■ Records supplied

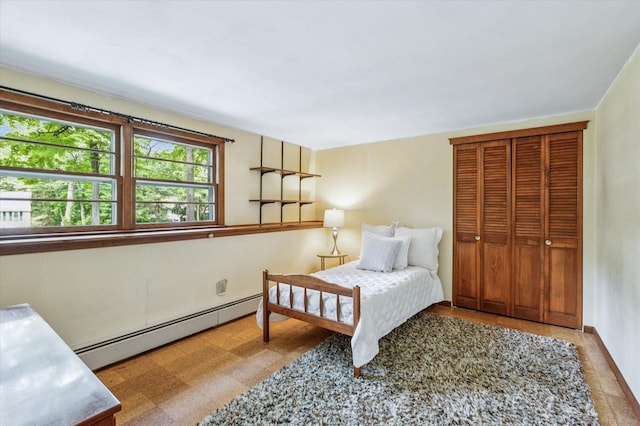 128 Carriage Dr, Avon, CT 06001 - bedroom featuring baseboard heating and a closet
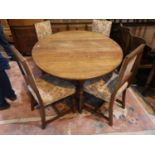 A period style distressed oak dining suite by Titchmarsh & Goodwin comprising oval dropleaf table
* * *
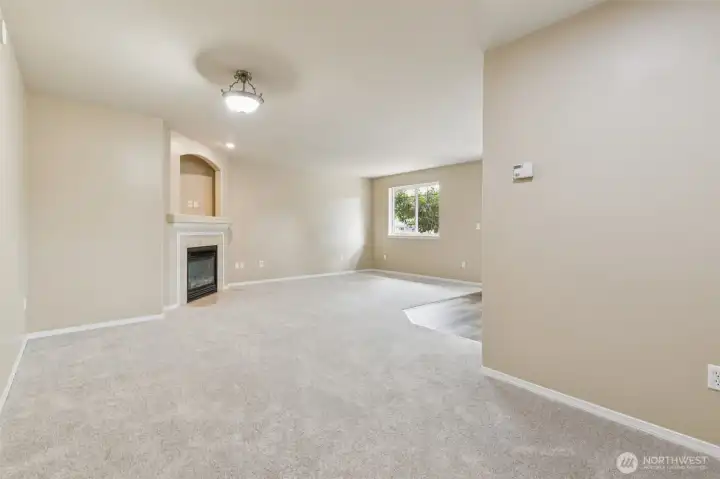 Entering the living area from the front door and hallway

■ Task objective
Look through the material above. Transcribe exactly the lines between the ones with "128 Carriage Dr, Avon, CT" and "A period style", inclusive, and keep pictures out.

■ Expected answer
 128 Carriage Dr, Avon, CT 06001 - bedroom featuring baseboard heating and a closet
 A period style distressed oak dining suite by Titchmarsh & Goodwin comprising oval dropleaf table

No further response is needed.